Nvidia doesn’t just need to hold its own against competition, big or small. To reach the next milestone, it needs to thrive. Market fundamentals are already outdated, but if the company were valued as a traditional low-growth company, even a $3 trillion market cap would require it to sell a trillion of its high-end GPUs a year, at a 30% profit margin, forever, one expert noted.
Even if the AI industry grows enough to justify that, Nvidia’s profit margin may be harder to defend. The company has the chip designs to maintain its lead, but the real bottlenecks in its supply chain are the same as in much of the rest of the industry: at advanced semiconductor foundries, the kind operated by Taiwan’s TSMC, America’s Intel, China’s SMIC, and a few others around the world. Notably, Nvidia isn’t on that list, since it’s a customer of TSMC. No matter how advanced Nvidia’s chipsets are, if it needs to eat through the rest of TSMC’s order book to meet demand, then profit will inevitably flow that way, too.
Neil Wilson, chief analyst at brokerage Finalto, said the bearish case against Nvidia (market lingo for a sustained drop in share price) was based on the argument that once the company processed its order book, it would return to less frenetic levels of demand.
“All of their customers have been rushing to order GPUs, but they won’t be doing that forever,” Wilson said. “Customers overorder and then start canceling. We’re in a sweet spot now, but you can’t sustain it.” He could see Nvidia reaching $4 trillion and beyond, but “maybe not at the current pace.”

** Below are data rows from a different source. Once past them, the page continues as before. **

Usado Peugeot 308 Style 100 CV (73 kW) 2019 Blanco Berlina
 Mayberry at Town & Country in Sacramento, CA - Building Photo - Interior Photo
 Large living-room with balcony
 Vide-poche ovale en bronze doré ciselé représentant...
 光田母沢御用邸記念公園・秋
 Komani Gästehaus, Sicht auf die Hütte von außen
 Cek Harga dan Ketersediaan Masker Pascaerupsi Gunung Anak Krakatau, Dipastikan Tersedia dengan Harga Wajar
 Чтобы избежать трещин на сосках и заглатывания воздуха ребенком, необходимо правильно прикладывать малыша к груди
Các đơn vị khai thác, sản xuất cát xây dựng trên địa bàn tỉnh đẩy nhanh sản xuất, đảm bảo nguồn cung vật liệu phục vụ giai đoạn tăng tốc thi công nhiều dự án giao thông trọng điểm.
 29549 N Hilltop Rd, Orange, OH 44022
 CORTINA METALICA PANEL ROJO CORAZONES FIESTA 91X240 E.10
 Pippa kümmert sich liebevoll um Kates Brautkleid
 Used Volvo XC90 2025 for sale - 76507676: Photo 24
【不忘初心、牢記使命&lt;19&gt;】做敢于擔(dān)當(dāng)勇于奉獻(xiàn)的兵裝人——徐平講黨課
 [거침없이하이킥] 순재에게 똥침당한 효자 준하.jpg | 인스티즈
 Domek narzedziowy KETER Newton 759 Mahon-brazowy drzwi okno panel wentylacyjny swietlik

Jim Reid, head of global economics and thematic research at Deutsche Bank, published a note this week asking whether Nvidia was “the fastest-growing large company of all time.” Noting that Nvidia went from $2 trillion to $3 trillion in 30 days, Reid said, by contrast, that it had taken Warren Buffett 60 years to get Berkshire Hathaway close to $1 trillion.
But in a world of low productivity (a measure of economic efficiency), declining working-age populations and rising government debt, the economic promise of AI was welcome, Reid said.
“If AI is the catalyst for a fourth industrial revolution, that would be very good news,” he wrote. “If not, markets will end up in big trouble.”
There’s more at stake than winning the race to $4 trillion.